-- Stored data --
•••••

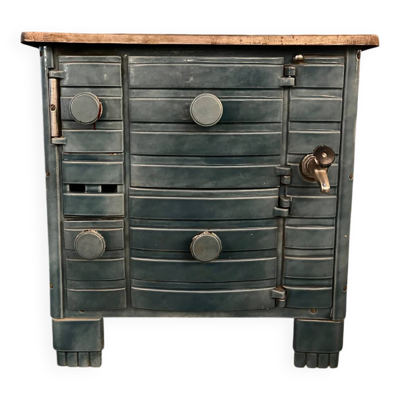 Petite cuisinière à bois en fonte émaillée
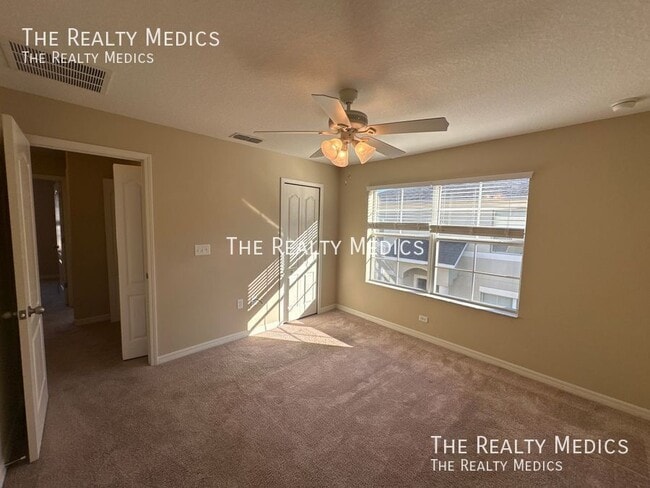 Building Photo - 272 Carina Cir
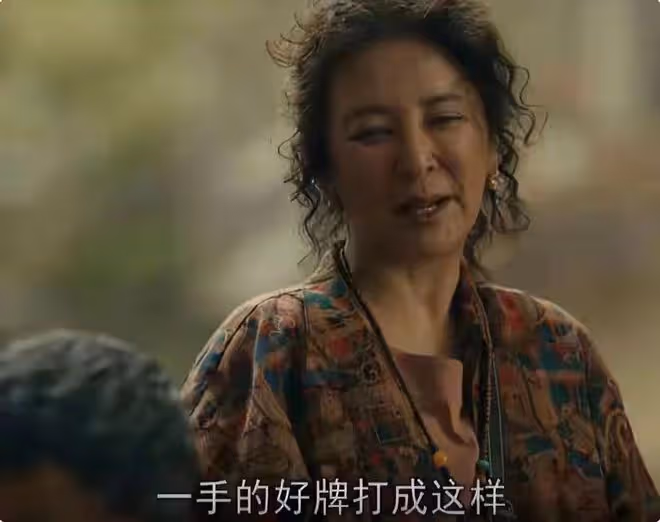 59歲李勤勤陷整容風波,頭髮花白被指認不出,曾3嫁老外至今單身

•••••

-- Exercise instructions --
When copying, output the data exactly and leave out the pictures.

-- Final answer --
 Petite cuisinière à bois en fonte émaillée
 Building Photo - 272 Carina Cir
 59歲李勤勤陷整容風波,頭髮花白被指認不出,曾3嫁老外至今單身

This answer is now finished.